Such misplaced object files need to be dealt with; the plan is to make
git-annex fsck notice and fix them.
A worktree that has experienced this bug before will contain unpopulated
pointer files. Those may eventually get fixed up in regular usage of
git-annex, but git-annex fsck will also fix them up.
---
Finally, this has me pondering if all of git-annex's state files should
really be stored in one common place across all linked worktrees. Should
perhaps state files that are specific to the worktree be stored per-worktree?
That has not been the case when using git-annex on filesystems supporting
symlinks, but it *has* been the case on filesystems not supporting
symlinks. Perhaps this leads to some other buggy behavior in some cases.

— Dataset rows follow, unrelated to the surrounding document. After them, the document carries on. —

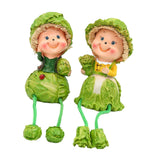 Maxbell 2Pcs Lovely Hanging Foot Doll Sculpture Resin Statue Figurine for Wedding Cabbage Doll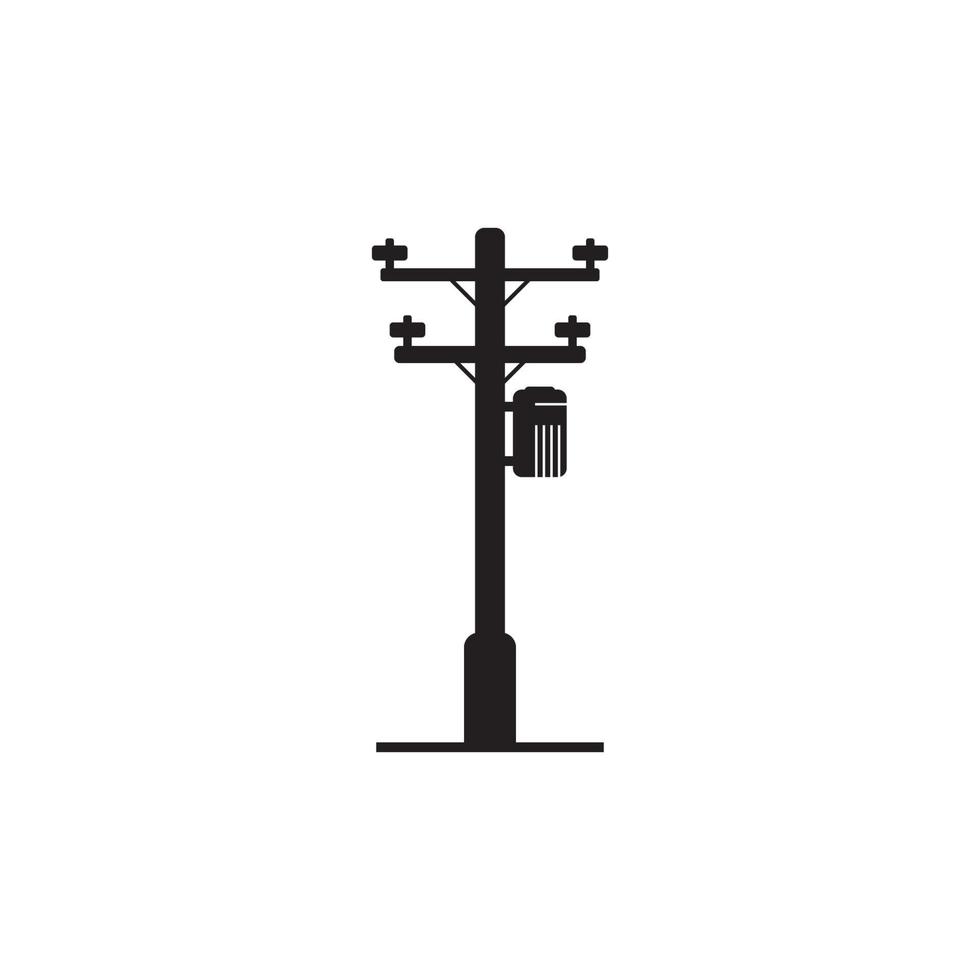 Diseño de símbolo de ilustración de vector de icono de poste eléctrico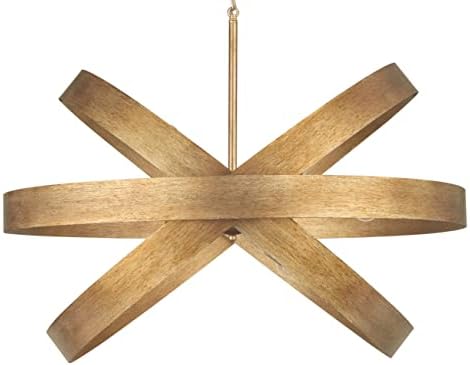 Capital Lighting 439061ML Jude Modern Geometric Bold Cross Frame Metal Pendant, 6-Light 360 Total Watts, 16" H x 32" W, Mystic Luster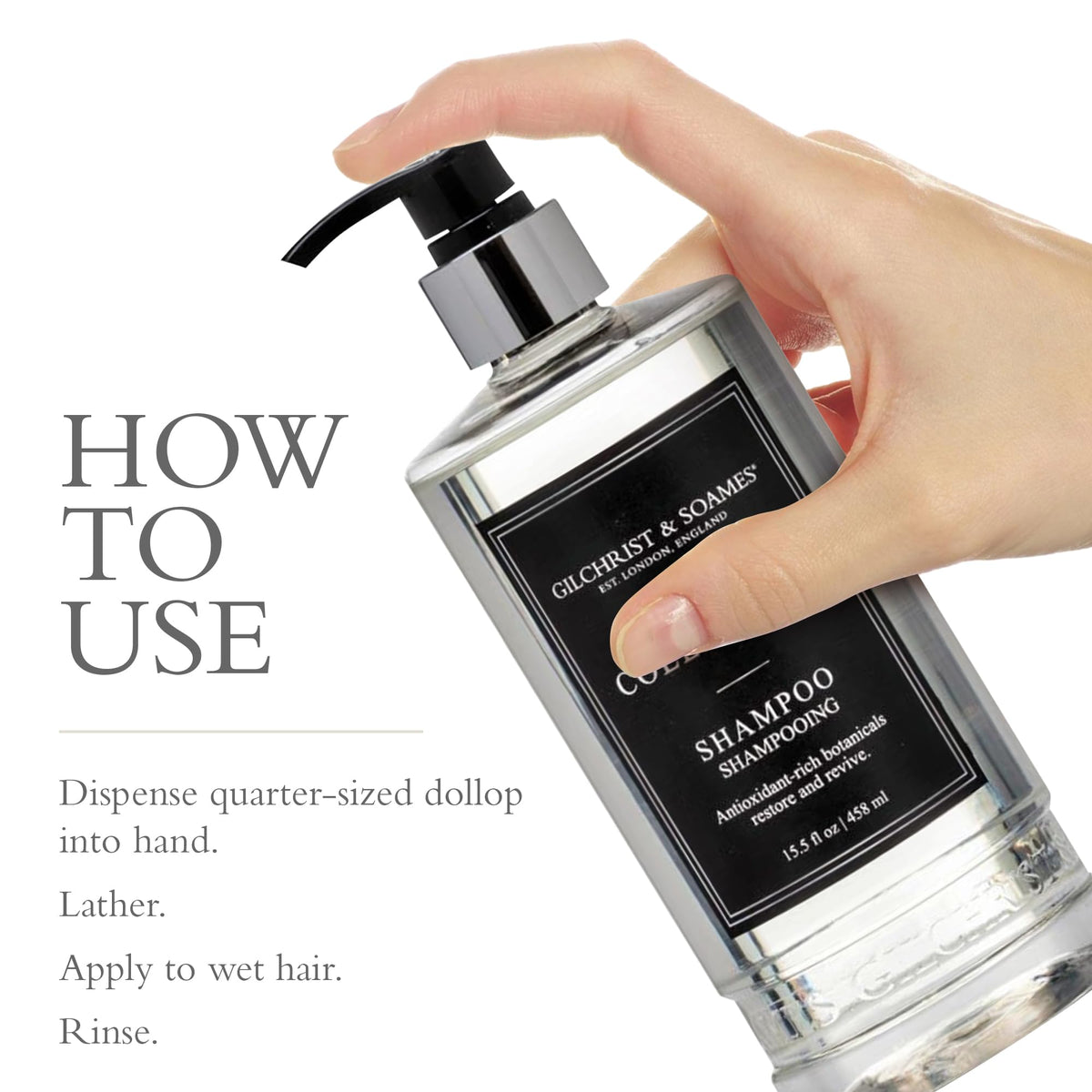 Gilchrist & Soames shampoo in shower environment illustrating easy daily use and refreshing scent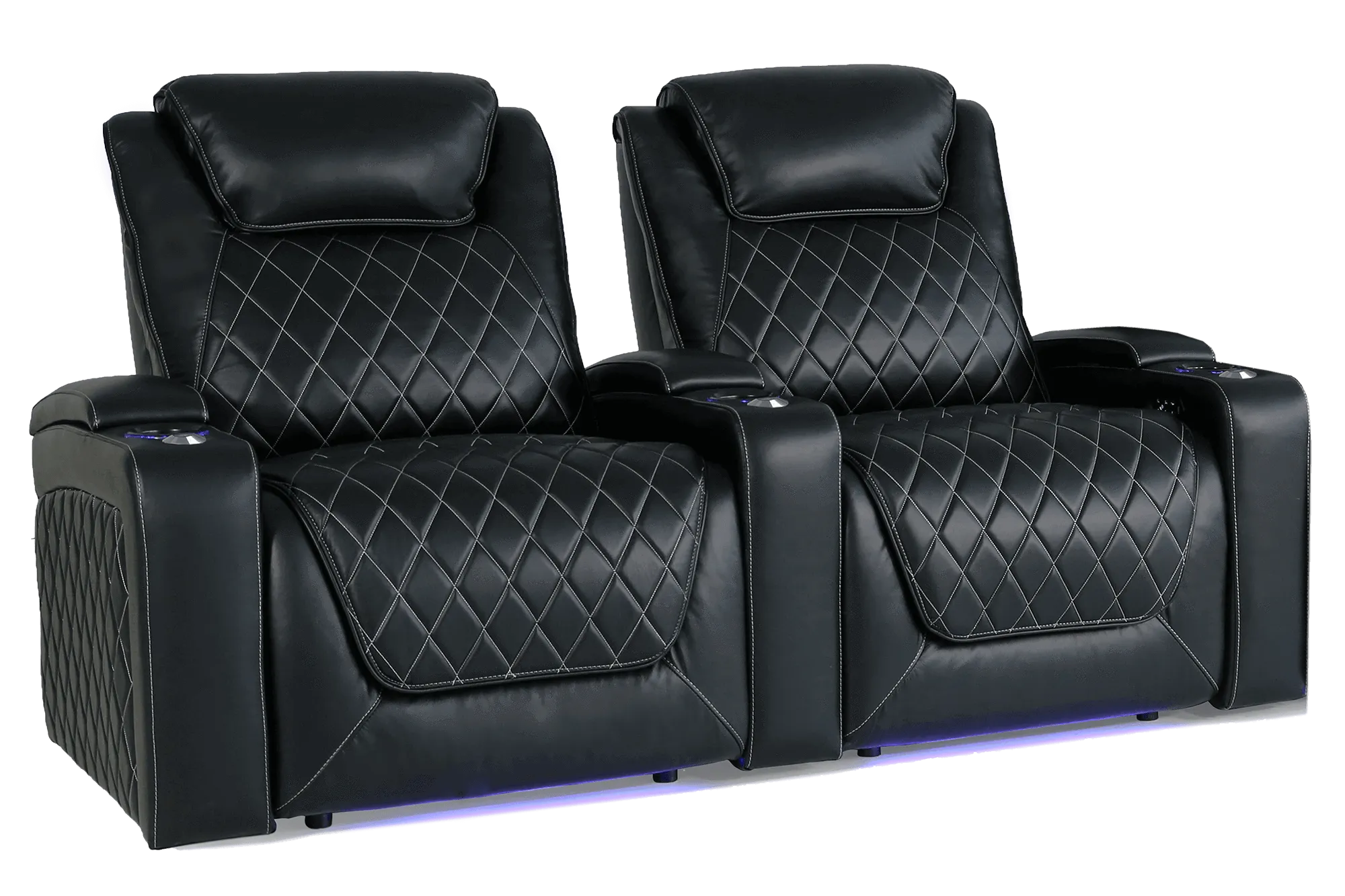 Valencia Oslo XL Leather Home Theater Seating Row of 2, Midnight Black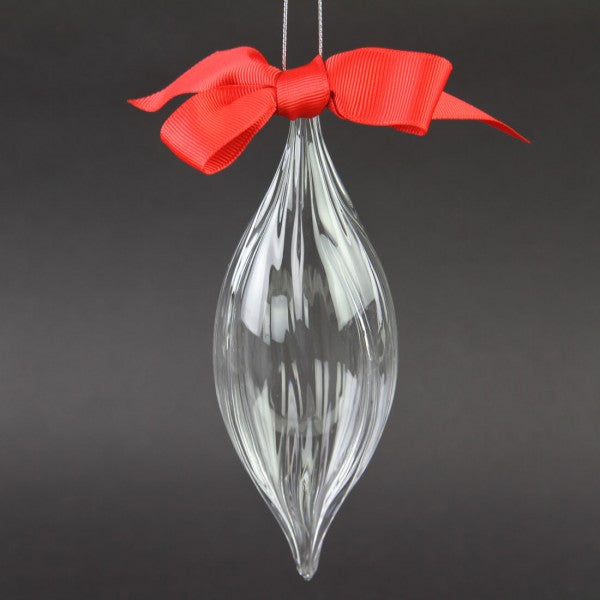 6.75"GLASS FINIAL ORNA CLEAR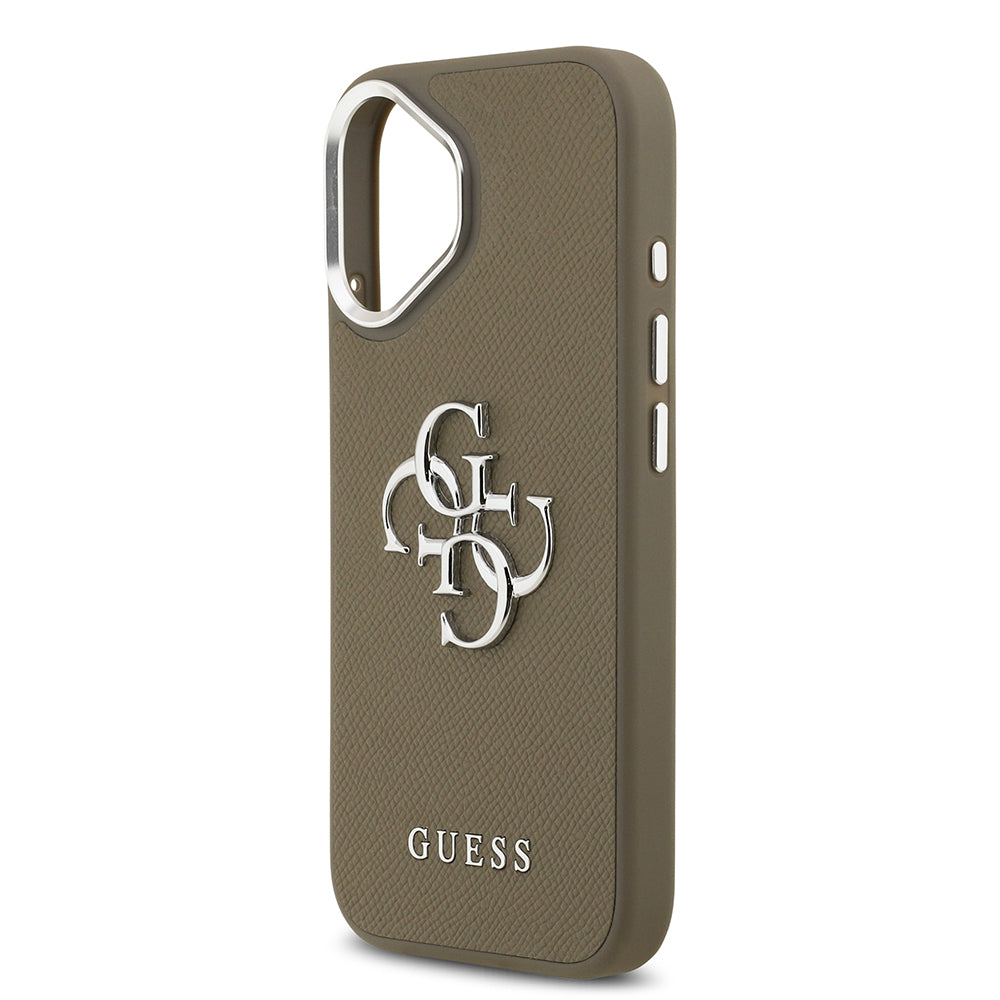 iPhone 17 Kılıf Guess Orjinal Lisanslı Grained 4G Metal Büyük Logolu Kapak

Or perhaps to extra work being done.
For example, the keys database has an associated files table. Which depends
on the worktree. But reconcileStaged updates that table, so when git-annex
is used first in one worktree and then in another one, reconcileStaged will
update the table to reflect the current worktree. Which is extra work each
time a different worktree is used. But also, what if two git-annex
processes are running at the same time, in separate worktrees? Probably
this needs more thought and investigation.
So there is a risk that this commit exposes such buggy behavior in a
situation where it didn't happen before, due to the filesystem not
supporting symlinks. But, given how much this bug crippled using linked
worktrees in such a situation, I doubt that many people have been doing
that.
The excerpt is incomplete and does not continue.